* _Data to process_:
= Beginning of Section =

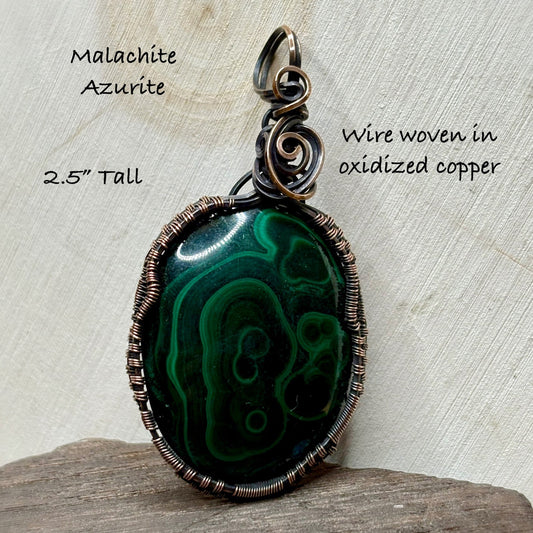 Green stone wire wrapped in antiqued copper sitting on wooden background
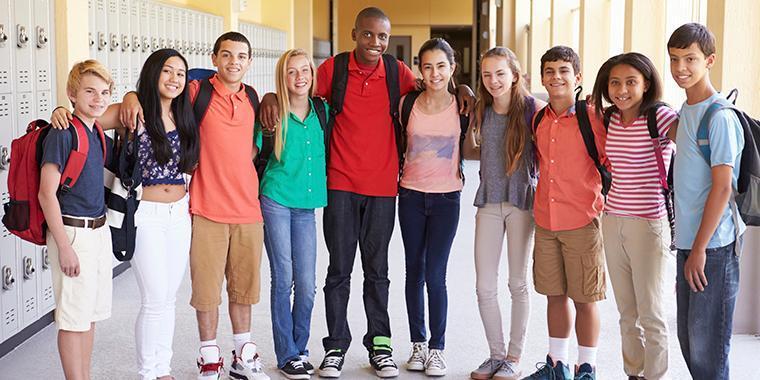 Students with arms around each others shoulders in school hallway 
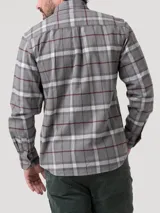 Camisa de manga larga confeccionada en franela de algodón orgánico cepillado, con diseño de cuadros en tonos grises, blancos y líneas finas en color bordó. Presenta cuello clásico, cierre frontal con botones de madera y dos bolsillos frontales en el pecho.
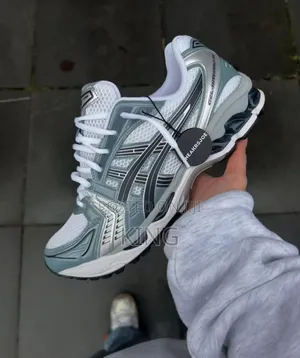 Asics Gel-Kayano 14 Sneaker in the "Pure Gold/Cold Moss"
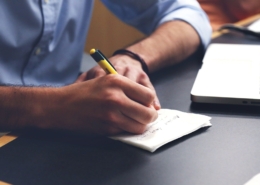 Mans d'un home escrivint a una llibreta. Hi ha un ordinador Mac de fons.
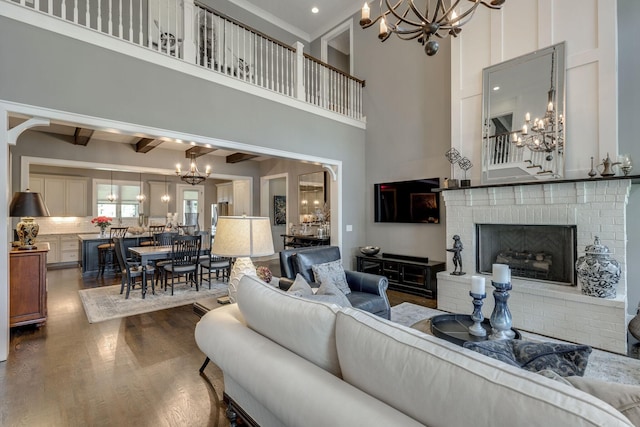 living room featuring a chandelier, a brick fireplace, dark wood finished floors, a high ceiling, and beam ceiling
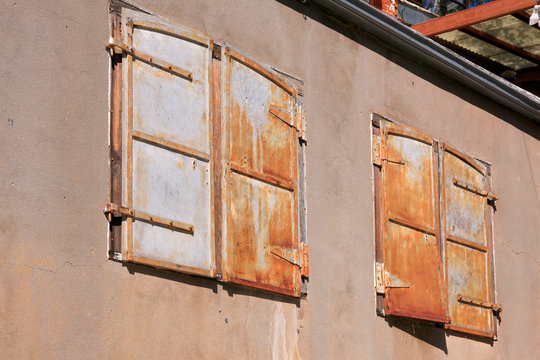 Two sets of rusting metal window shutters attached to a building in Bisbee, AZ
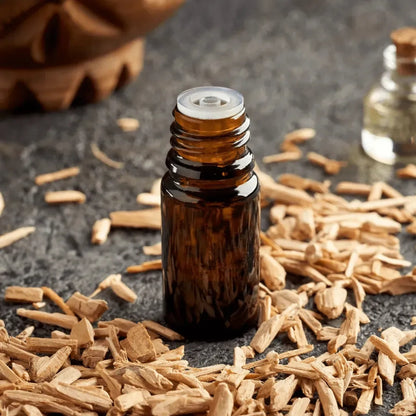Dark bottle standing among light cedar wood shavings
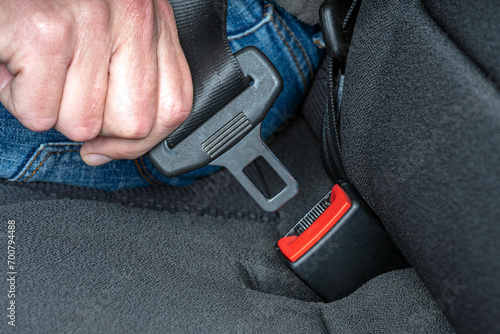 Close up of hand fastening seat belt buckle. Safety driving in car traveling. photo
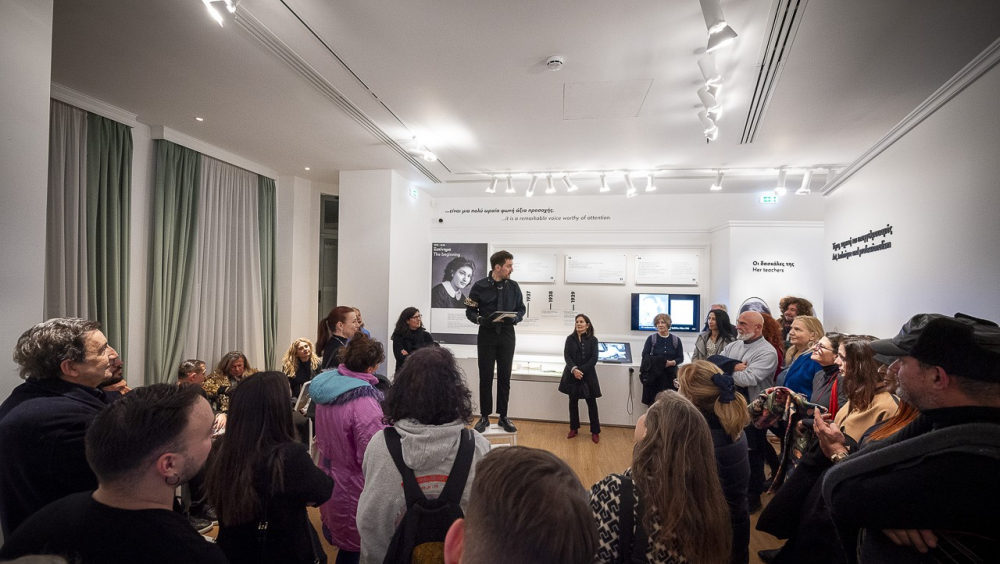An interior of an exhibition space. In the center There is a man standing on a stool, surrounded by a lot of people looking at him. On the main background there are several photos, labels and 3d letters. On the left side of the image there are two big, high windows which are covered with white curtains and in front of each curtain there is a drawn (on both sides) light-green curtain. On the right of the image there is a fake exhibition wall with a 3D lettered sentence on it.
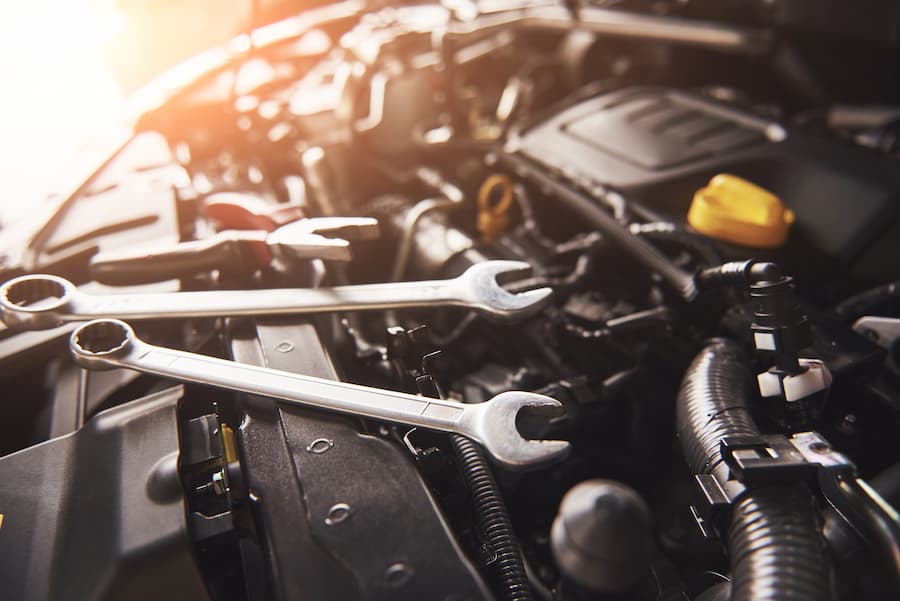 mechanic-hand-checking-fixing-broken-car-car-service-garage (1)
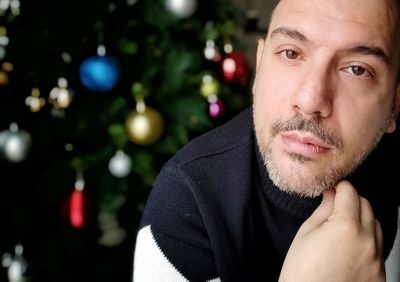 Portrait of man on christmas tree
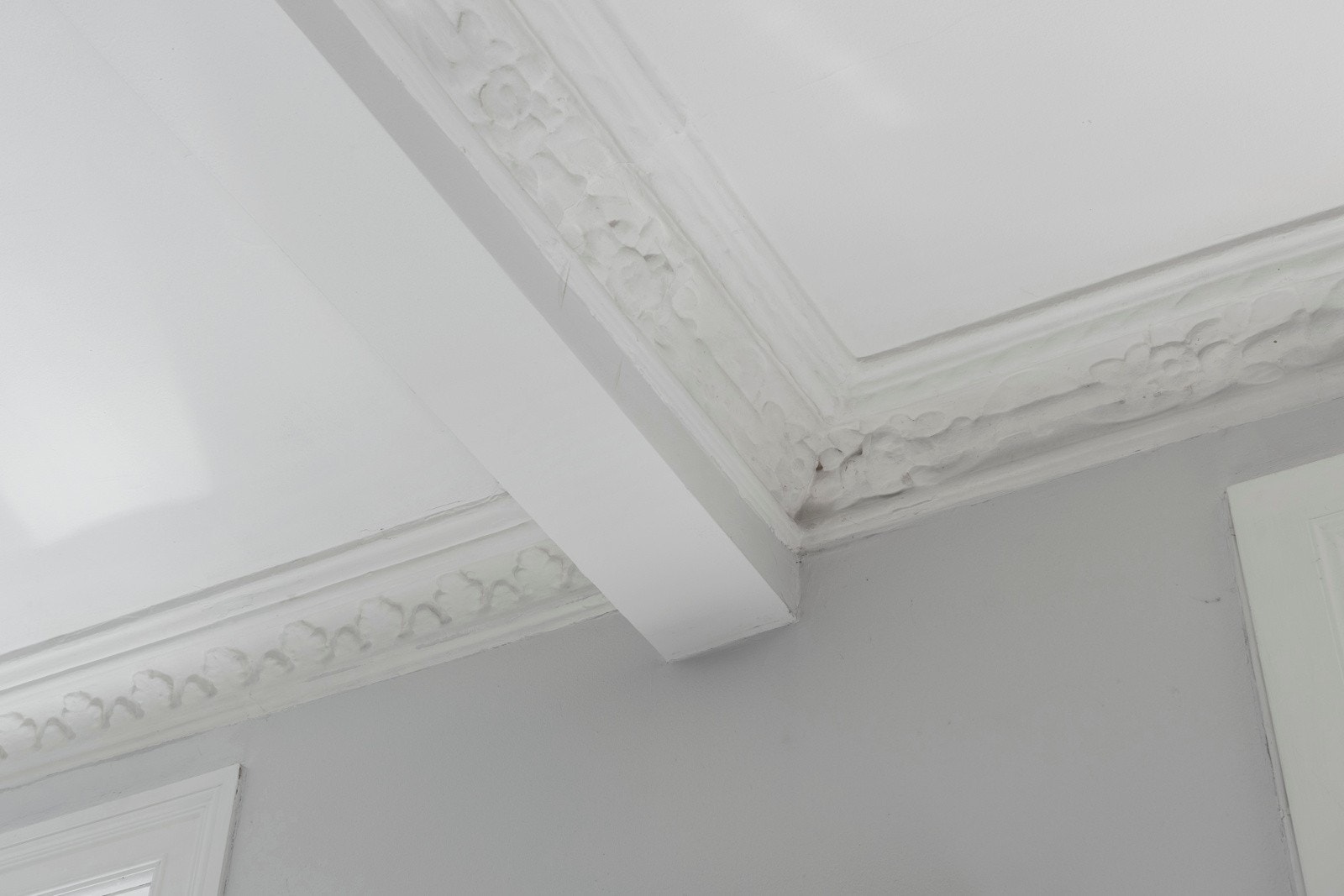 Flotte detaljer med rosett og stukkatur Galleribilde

= End of Section =
= Beginning of Section =

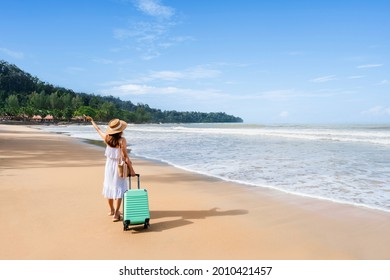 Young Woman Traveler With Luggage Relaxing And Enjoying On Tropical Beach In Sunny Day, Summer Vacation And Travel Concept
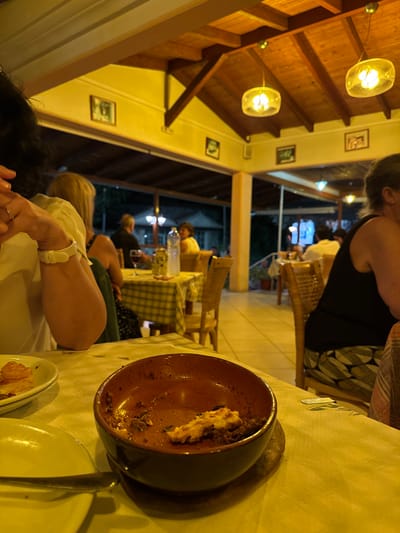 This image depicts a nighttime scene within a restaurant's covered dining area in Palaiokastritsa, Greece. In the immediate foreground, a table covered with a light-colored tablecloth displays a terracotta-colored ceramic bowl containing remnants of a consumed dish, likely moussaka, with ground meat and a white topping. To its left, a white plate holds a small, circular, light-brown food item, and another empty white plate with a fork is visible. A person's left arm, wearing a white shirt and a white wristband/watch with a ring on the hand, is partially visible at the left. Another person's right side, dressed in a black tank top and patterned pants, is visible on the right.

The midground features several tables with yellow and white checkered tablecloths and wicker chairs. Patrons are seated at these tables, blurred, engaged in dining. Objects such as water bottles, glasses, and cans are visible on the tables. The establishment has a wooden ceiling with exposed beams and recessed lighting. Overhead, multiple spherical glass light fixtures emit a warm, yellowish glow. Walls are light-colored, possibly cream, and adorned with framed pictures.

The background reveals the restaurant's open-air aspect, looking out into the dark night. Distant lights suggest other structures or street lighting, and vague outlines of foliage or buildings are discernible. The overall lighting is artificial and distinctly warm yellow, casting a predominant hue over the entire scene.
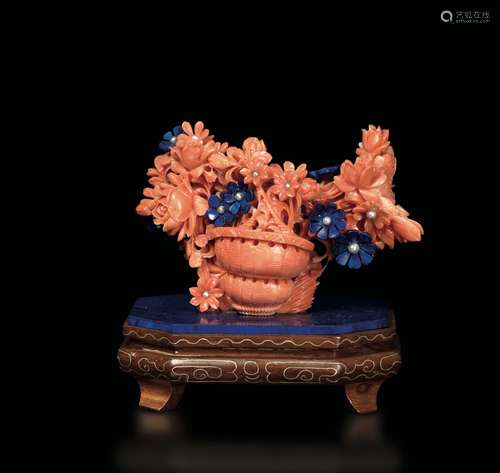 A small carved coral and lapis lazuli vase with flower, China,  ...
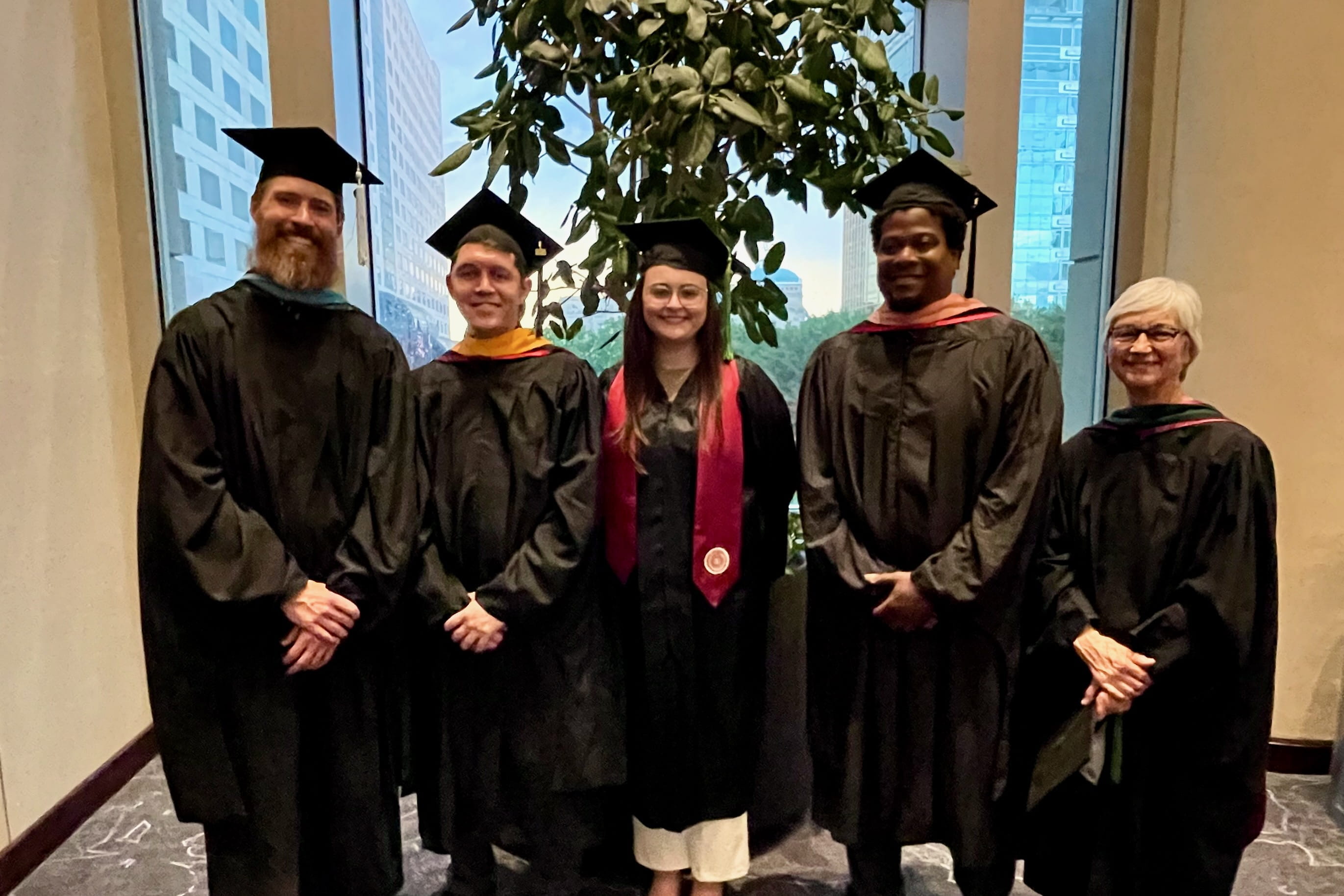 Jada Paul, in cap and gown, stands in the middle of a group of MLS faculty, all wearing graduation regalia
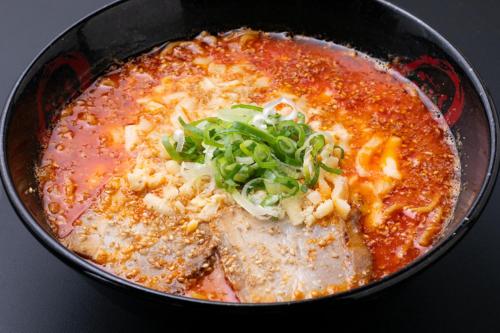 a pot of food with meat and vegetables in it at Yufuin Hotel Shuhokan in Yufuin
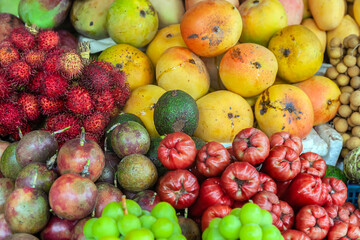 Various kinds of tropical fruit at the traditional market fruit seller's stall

= End of Section =

* _What is being asked_:
In the material above, the stretch from the line with "Mans d'un home" through the line with "Flotte detaljer med" is to be given again exactly, minus the pictures.

* _Exercise result_:
 Mans d'un home escrivint a una llibreta. Hi ha un ordinador Mac de fons.
 living room featuring a chandelier, a brick fireplace, dark wood finished floors, a high ceiling, and beam ceiling
 Two sets of rusting metal window shutters attached to a building in Bisbee, AZ
Dark bottle standing among light cedar wood shavings
 Close up of hand fastening seat belt buckle. Safety driving in car traveling. photo
An interior of an exhibition space. In the center There is a man standing on a stool, surrounded by a lot of people looking at him. On the main background there are several photos, labels and 3d letters. On the left side of the image there are two big, high windows which are covered with white curtains and in front of each curtain there is a drawn (on both sides) light-green curtain. On the right of the image there is a fake exhibition wall with a 3D lettered sentence on it.
 mechanic-hand-checking-fixing-broken-car-car-service-garage (1)
 Portrait of man on christmas tree
 Flotte detaljer med rosett og stukkatur Galleribilde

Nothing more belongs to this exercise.